BRIEF: Please give back exactly the line with "Suite, 1 habitación, no fumadores" and each line after it through the end of the material, leaving out the pictures.
##### INPUT MATERIAL #####
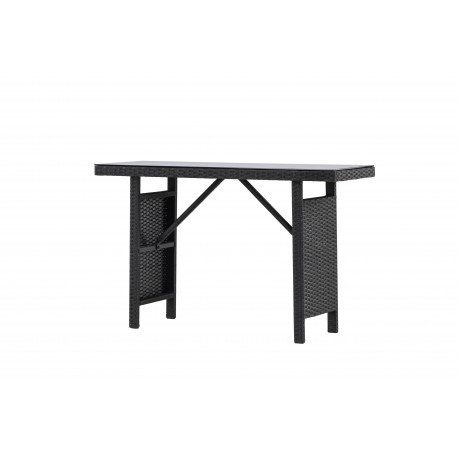 Padova Sidebord - Sort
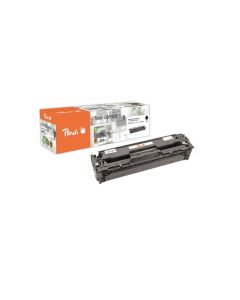 PEACH kompatibilní toner HP CF210X, No 131X, black, 2400str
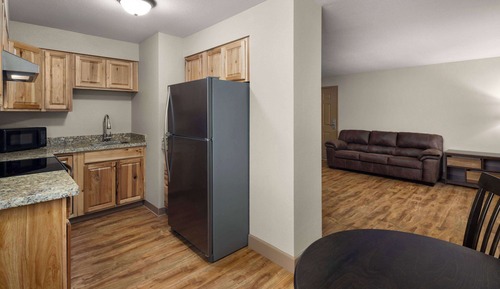 Suite, 1 habitación, no fumadores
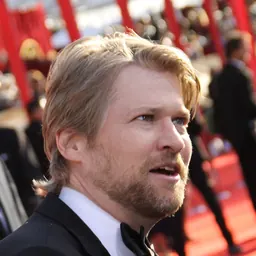 Portrait of Todd Lowe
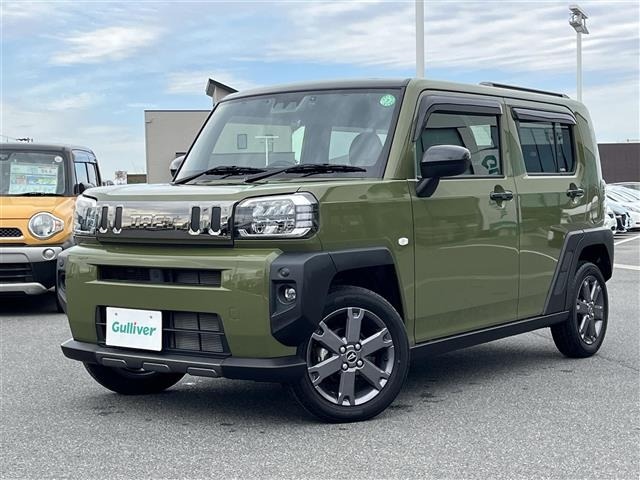 Daihatsu TAFT 2023 6997886-2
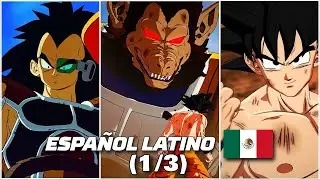 DRAGON BALL: Sparking! ZERO Mods! (Part 1/3)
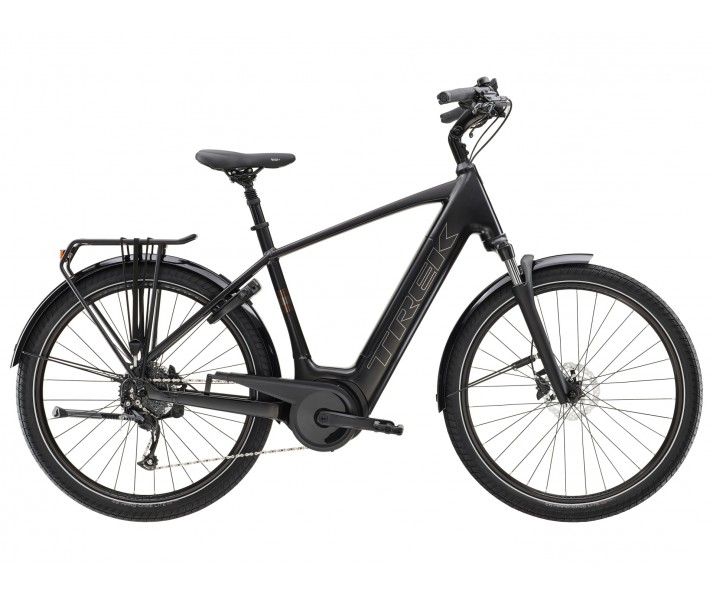 Bicicleta eléctrica TREK Verve+ 3 400Wh 2024 2024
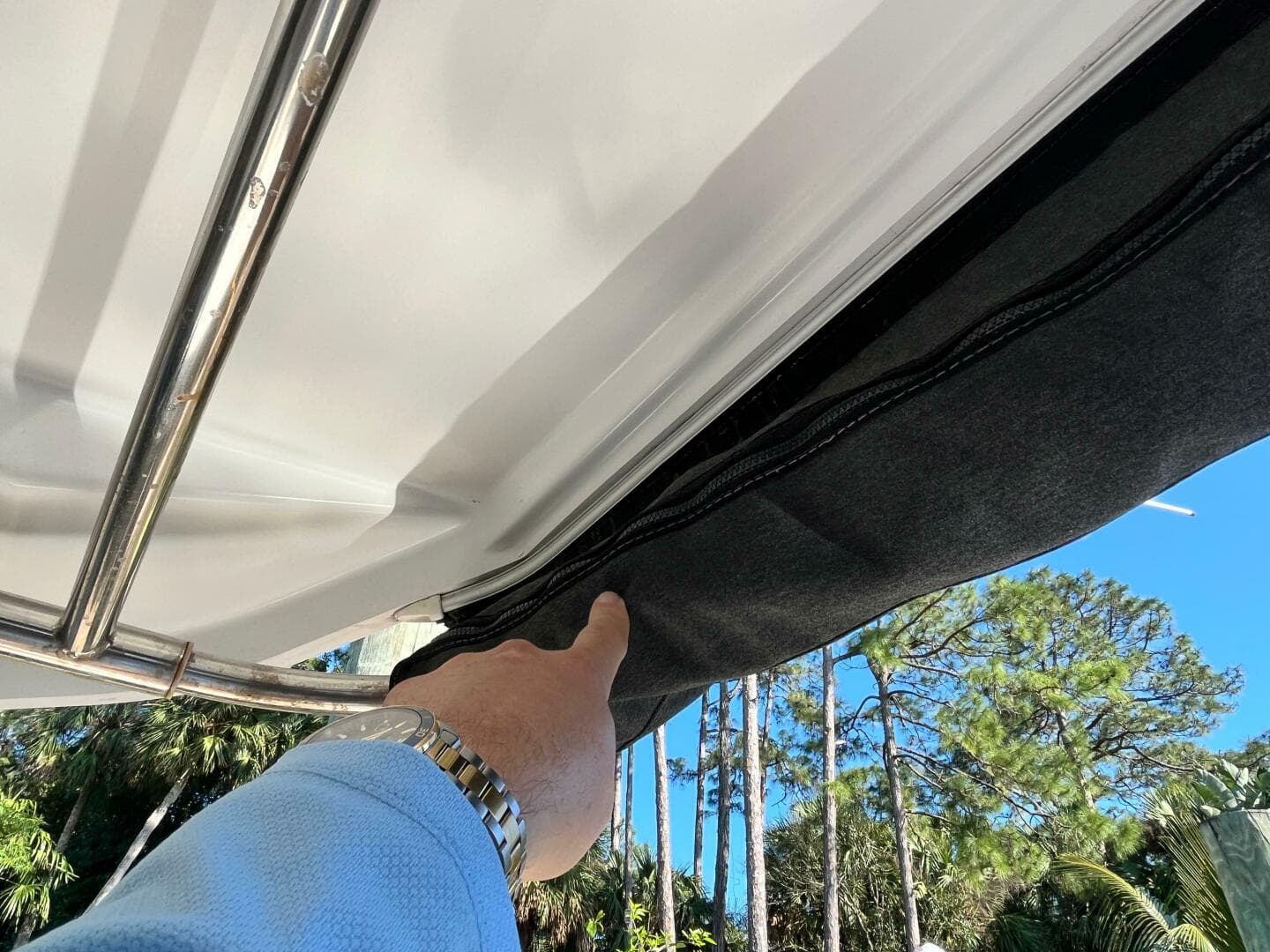 2021 Jeanneau Nc 1095 — photo 16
#####
ANSWER SECTION:
 Suite, 1 habitación, no fumadores
 Portrait of Todd Lowe
 Daihatsu TAFT 2023 6997886-2
 DRAGON BALL: Sparking! ZERO Mods! (Part 1/3)
 Bicicleta eléctrica TREK Verve+ 3 400Wh 2024 2024
 2021 Jeanneau Nc 1095 — photo 16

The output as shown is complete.